WHAT IS NEEDED
Below, some lines carry pictures; leave those pictures out and retype exactly the lines from the one with "Бяла стенна лампа Blaze – Sollux" through the one with "Folding Camping Table".

TASK MATERIAL
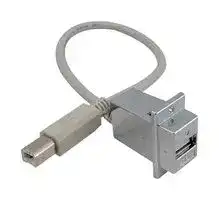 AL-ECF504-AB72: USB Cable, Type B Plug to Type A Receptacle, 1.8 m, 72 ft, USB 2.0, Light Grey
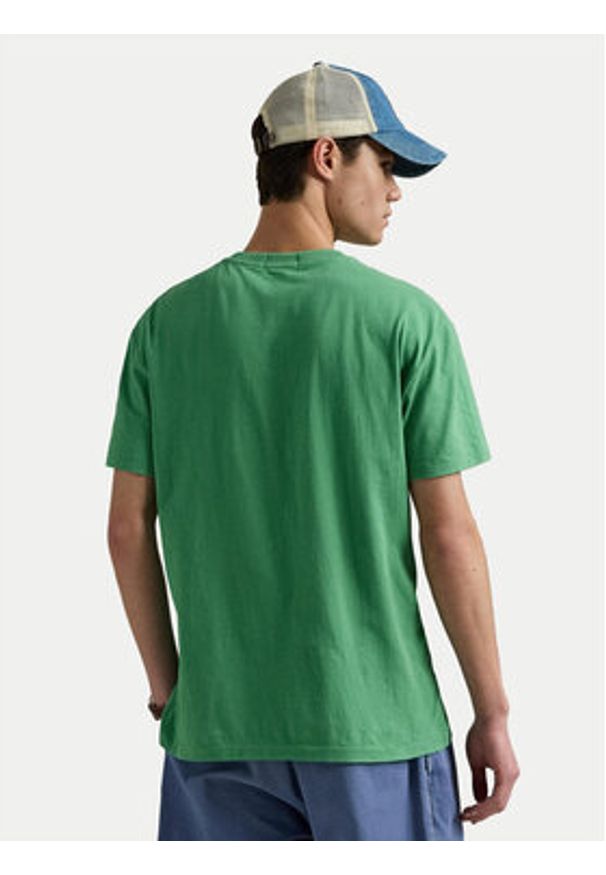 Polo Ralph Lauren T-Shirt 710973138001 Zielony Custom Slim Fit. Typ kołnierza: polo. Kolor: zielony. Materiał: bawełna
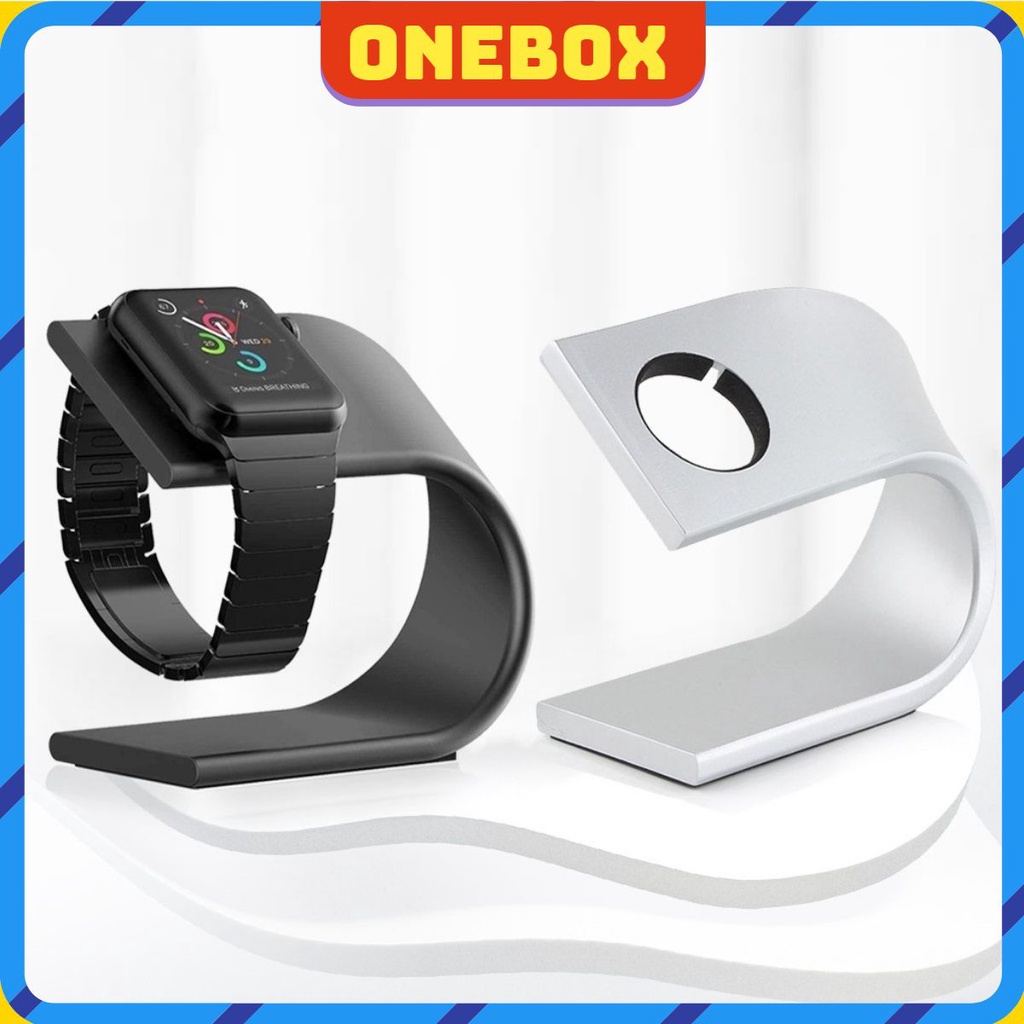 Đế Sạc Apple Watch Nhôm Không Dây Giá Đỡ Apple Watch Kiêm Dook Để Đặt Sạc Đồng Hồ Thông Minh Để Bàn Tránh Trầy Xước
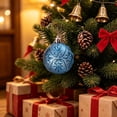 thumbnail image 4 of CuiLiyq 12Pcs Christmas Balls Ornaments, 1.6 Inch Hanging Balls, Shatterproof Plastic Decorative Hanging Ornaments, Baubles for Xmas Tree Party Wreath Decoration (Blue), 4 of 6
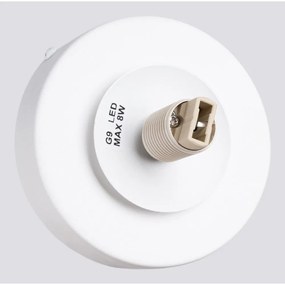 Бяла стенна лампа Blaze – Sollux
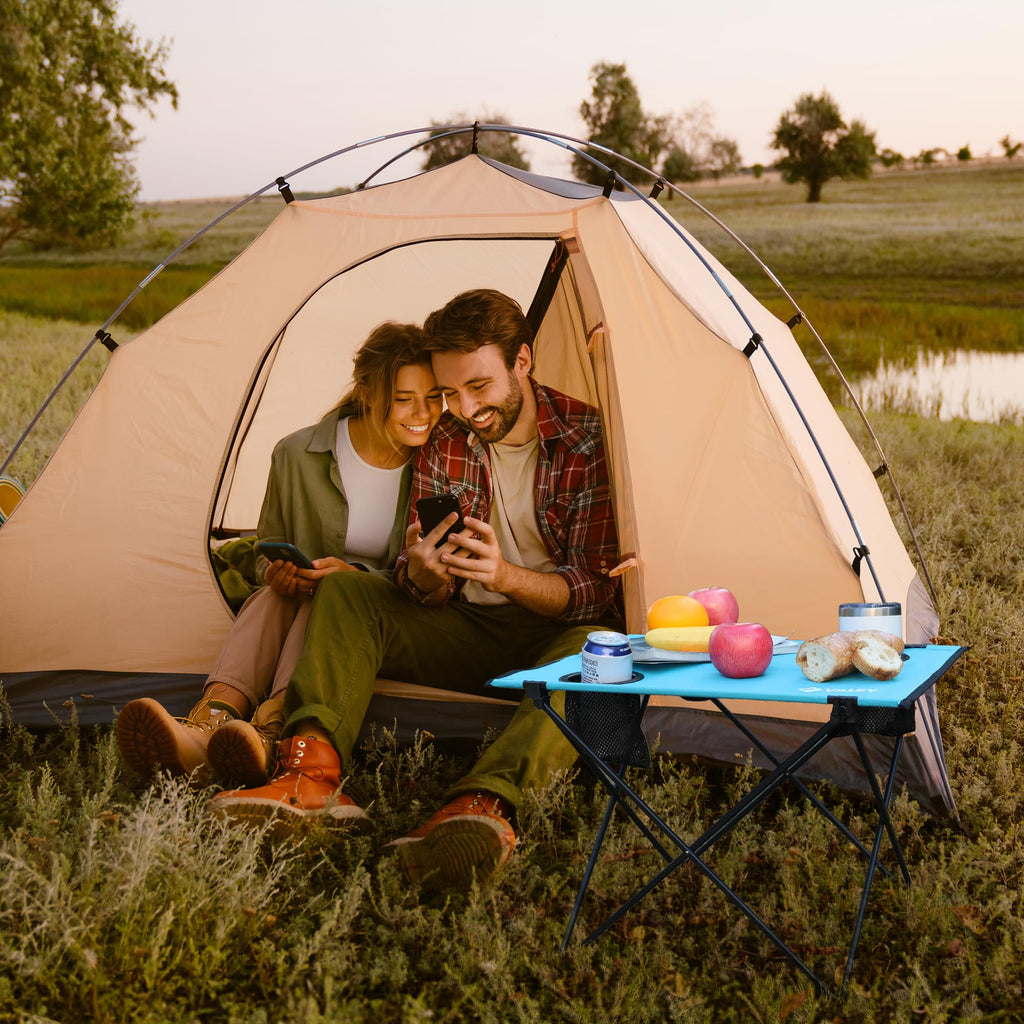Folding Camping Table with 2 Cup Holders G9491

==

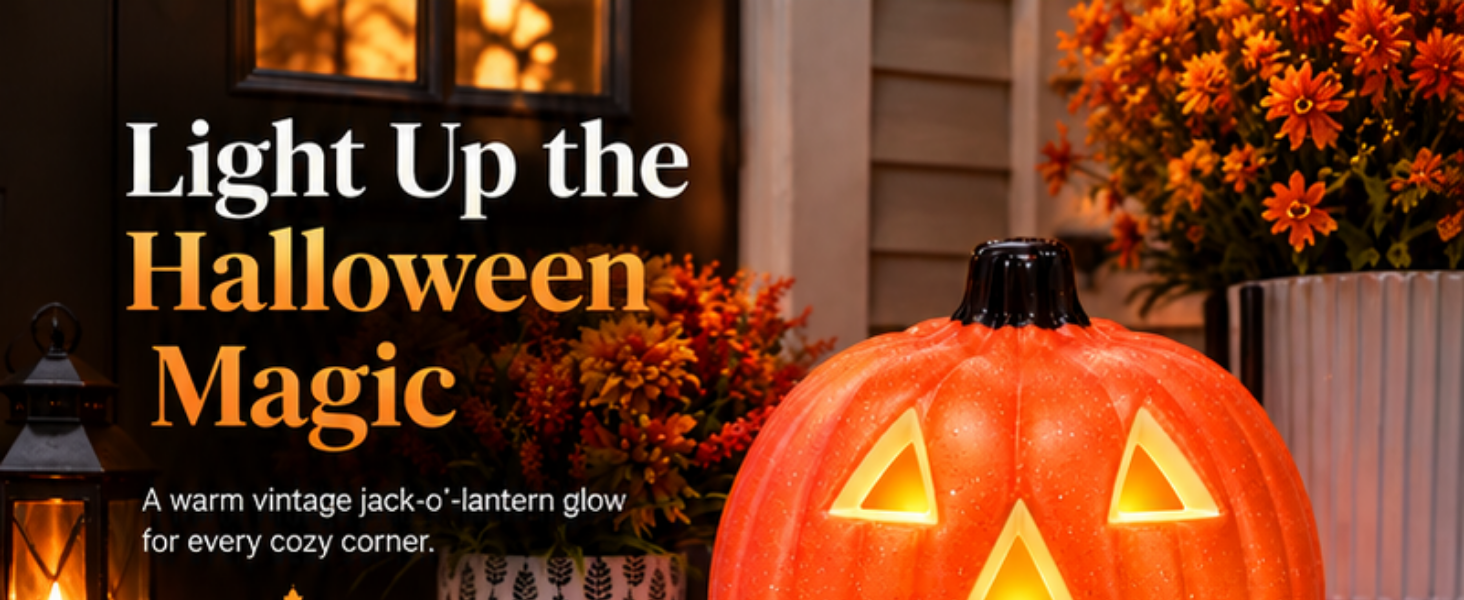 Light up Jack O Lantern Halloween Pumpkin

---

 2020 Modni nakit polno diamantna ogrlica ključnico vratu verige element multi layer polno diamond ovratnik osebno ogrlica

REPLY
 Бяла стенна лампа Blaze – Sollux
Folding Camping Table with 2 Cup Holders G9491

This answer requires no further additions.